RIO GRANDE VALLEY, Texas – Three bright eyed and inquisitive young ground squirrels have just popped up in the grass. With quivering noses and shining eyes they are poised to vanish in an instant.
Still as statues they remain motionless, surveying their surroundings for the slightest hint of danger.
Finally, they relax their vigilance enough to begin snacking on grass using their little paws as hands. However, they never completely let down their guard, and while munching stand on their hind legs for a better view.
One particular stem looks enticing, but this youngster fresh out of the den has not yet quite mastered the dexterity to snatch the alluring treat while standing on his hind legs and balancing on a log.
Finally, after numerous attempts at grabbing the elusive stem, he firmly grasps it, but wait a minute…is it really that swaying seed cluster that beckons…whoops, we may have misjudged that.
The three curious youngsters reassemble in cloaking safety of grass and continue dinning on greenery.
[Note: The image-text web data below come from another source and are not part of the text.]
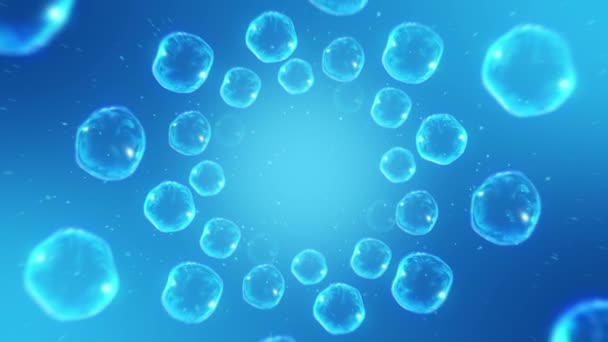 Много Мыльных Пузырей Голубом Фоне Реалистичные Пузыри Медленно Плавают Прозрачные — стоковое видео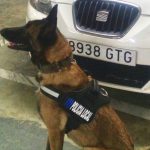 'Kata' y la policía contra el tráfico y el consumo de drogas en Eivissa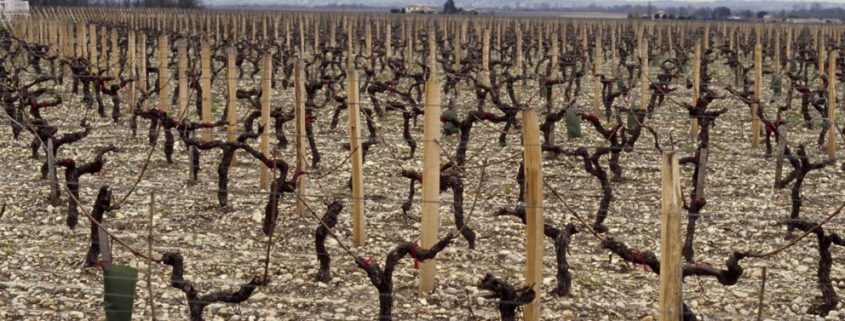 Médoc Moulis appellation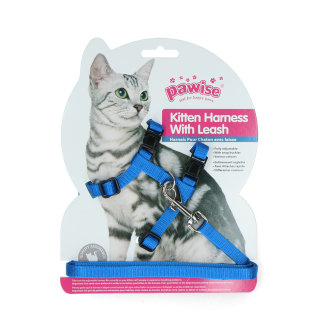 Harnais et Laisse Chatons Pawise Rouge/Bleu Taille S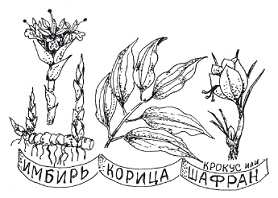 Иллюстрация к книге — Питание [Autogen_eBook_id41.jpg]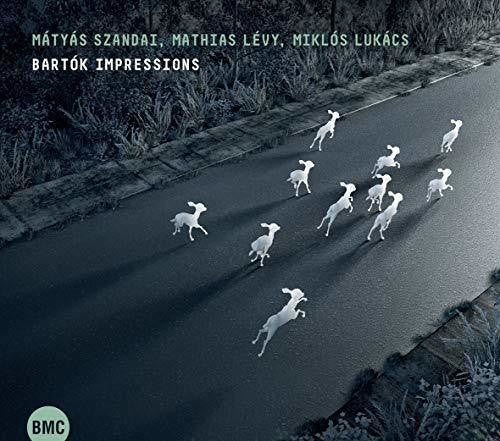 Szandai,matyas / Levy,mathias - Bartok Impressions - Music CD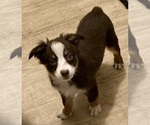Small #2 Miniature Australian Shepherd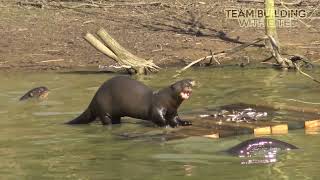 Giant otter raft and feeders - two hour team building event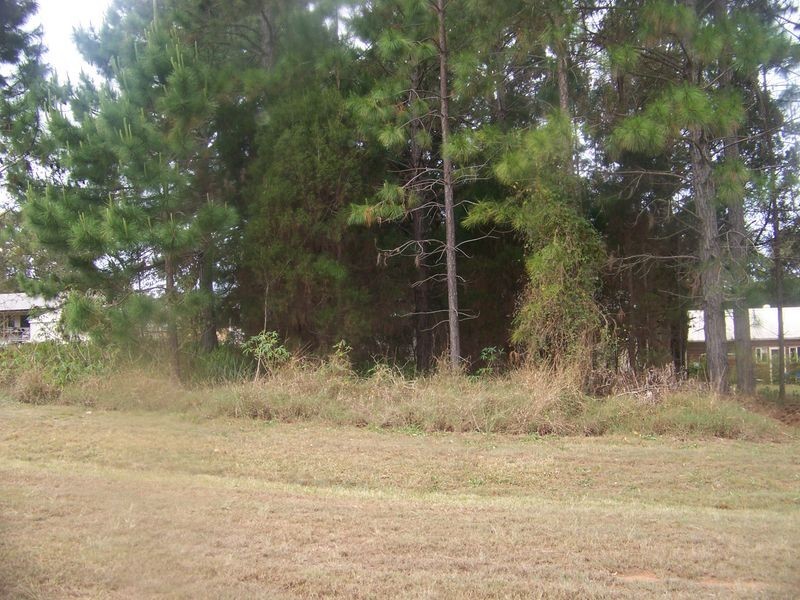 12 Tails St, Russell Island QLD 4184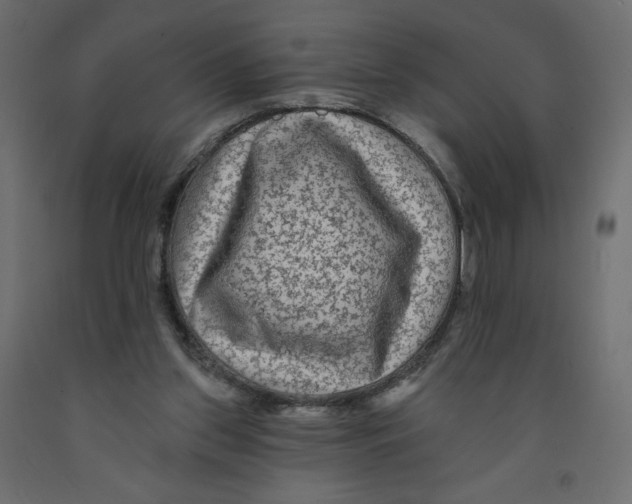 X0000091950157200710041015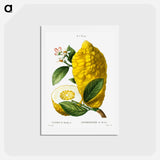 アートポストカード-Citron (Citrus medica) - ピエール ジョゼフ ルドゥーテ Postcard.
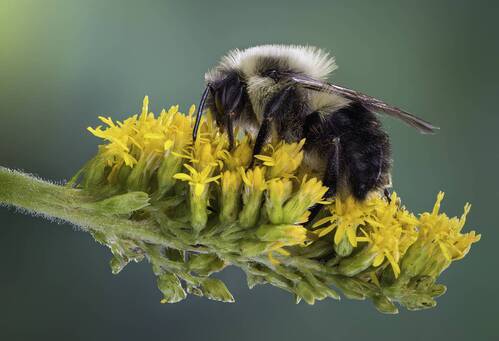 Pollinator’s pause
Suddenly, their mother appears and scampers to them for a joyful reunion.
After briefly checking on her young, she departs, and three little ground squirrels return to their munching.
They remain vigilant in her absence, and that is wise as danger sometimes slithers in their domain.
However, Mexican ground squirrels have evolved some resistance to rattlesnake venom that enhances survival in their shared habitat.
Mexican ground squirrels occur throughout South Texas, and while leaves, seeds and berries are their primary sustenance, they will soon be savoring their favorite treat of all…the tasty tunas of the prickly pear cactus.
Meanwhile, they will hone their dinning skills on terrestrial greenery before venturing onto the prickly pear patch where if they are not careful they might topple from a tuna.